[[ Material to process open ]]
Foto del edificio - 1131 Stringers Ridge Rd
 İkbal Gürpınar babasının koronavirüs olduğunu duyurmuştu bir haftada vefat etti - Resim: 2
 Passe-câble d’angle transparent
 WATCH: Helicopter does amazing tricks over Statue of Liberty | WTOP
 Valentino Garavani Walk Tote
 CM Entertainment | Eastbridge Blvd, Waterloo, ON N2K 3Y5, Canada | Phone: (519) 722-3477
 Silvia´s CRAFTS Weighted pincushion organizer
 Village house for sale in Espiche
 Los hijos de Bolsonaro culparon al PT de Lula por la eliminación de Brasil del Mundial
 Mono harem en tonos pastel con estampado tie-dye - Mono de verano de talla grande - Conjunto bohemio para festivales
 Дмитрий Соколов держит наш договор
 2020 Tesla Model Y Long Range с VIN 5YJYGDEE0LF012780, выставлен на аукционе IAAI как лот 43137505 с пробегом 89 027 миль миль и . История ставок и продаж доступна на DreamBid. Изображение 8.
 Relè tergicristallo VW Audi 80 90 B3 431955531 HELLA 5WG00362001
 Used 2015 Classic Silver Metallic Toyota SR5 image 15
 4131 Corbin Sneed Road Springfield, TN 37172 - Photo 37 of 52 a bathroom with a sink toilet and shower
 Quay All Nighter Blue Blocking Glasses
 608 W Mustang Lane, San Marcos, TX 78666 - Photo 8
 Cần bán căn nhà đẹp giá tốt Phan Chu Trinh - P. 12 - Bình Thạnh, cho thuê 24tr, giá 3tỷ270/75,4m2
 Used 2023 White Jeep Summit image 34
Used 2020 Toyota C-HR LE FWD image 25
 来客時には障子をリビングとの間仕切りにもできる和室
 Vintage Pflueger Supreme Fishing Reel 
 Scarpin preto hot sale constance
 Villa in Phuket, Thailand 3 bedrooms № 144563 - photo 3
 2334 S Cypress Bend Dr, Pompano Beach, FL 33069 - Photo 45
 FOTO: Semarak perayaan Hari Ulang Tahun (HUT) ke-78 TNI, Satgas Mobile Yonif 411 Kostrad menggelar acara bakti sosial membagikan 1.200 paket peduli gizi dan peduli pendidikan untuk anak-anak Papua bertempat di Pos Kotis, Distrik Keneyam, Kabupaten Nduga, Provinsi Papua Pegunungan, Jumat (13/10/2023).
[[ Material to process closed ]]
## Work item
Every line of the material must be returned exactly as it appears.

## Exercise result
Foto del edificio - 1131 Stringers Ridge Rd
 İkbal Gürpınar babasının koronavirüs olduğunu duyurmuştu bir haftada vefat etti - Resim: 2
 Passe-câble d’angle transparent
 WATCH: Helicopter does amazing tricks over Statue of Liberty | WTOP
 Valentino Garavani Walk Tote
 CM Entertainment | Eastbridge Blvd, Waterloo, ON N2K 3Y5, Canada | Phone: (519) 722-3477
 Silvia´s CRAFTS Weighted pincushion organizer
 Village house for sale in Espiche
 Los hijos de Bolsonaro culparon al PT de Lula por la eliminación de Brasil del Mundial
 Mono harem en tonos pastel con estampado tie-dye - Mono de verano de talla grande - Conjunto bohemio para festivales
 Дмитрий Соколов держит наш договор
 2020 Tesla Model Y Long Range с VIN 5YJYGDEE0LF012780, выставлен на аукционе IAAI как лот 43137505 с пробегом 89 027 миль миль и . История ставок и продаж доступна на DreamBid. Изображение 8.
 Relè tergicristallo VW Audi 80 90 B3 431955531 HELLA 5WG00362001
 Used 2015 Classic Silver Metallic Toyota SR5 image 15
 4131 Corbin Sneed Road Springfield, TN 37172 - Photo 37 of 52 a bathroom with a sink toilet and shower
 Quay All Nighter Blue Blocking Glasses
 608 W Mustang Lane, San Marcos, TX 78666 - Photo 8
 Cần bán căn nhà đẹp giá tốt Phan Chu Trinh - P. 12 - Bình Thạnh, cho thuê 24tr, giá 3tỷ270/75,4m2
 Used 2023 White Jeep Summit image 34
Used 2020 Toyota C-HR LE FWD image 25
 来客時には障子をリビングとの間仕切りにもできる和室
 Vintage Pflueger Supreme Fishing Reel 
 Scarpin preto hot sale constance
 Villa in Phuket, Thailand 3 bedrooms № 144563 - photo 3
 2334 S Cypress Bend Dr, Pompano Beach, FL 33069 - Photo 45
 FOTO: Semarak perayaan Hari Ulang Tahun (HUT) ke-78 TNI, Satgas Mobile Yonif 411 Kostrad menggelar acara bakti sosial membagikan 1.200 paket peduli gizi dan peduli pendidikan untuk anak-anak Papua bertempat di Pos Kotis, Distrik Keneyam, Kabupaten Nduga, Provinsi Papua Pegunungan, Jumat (13/10/2023).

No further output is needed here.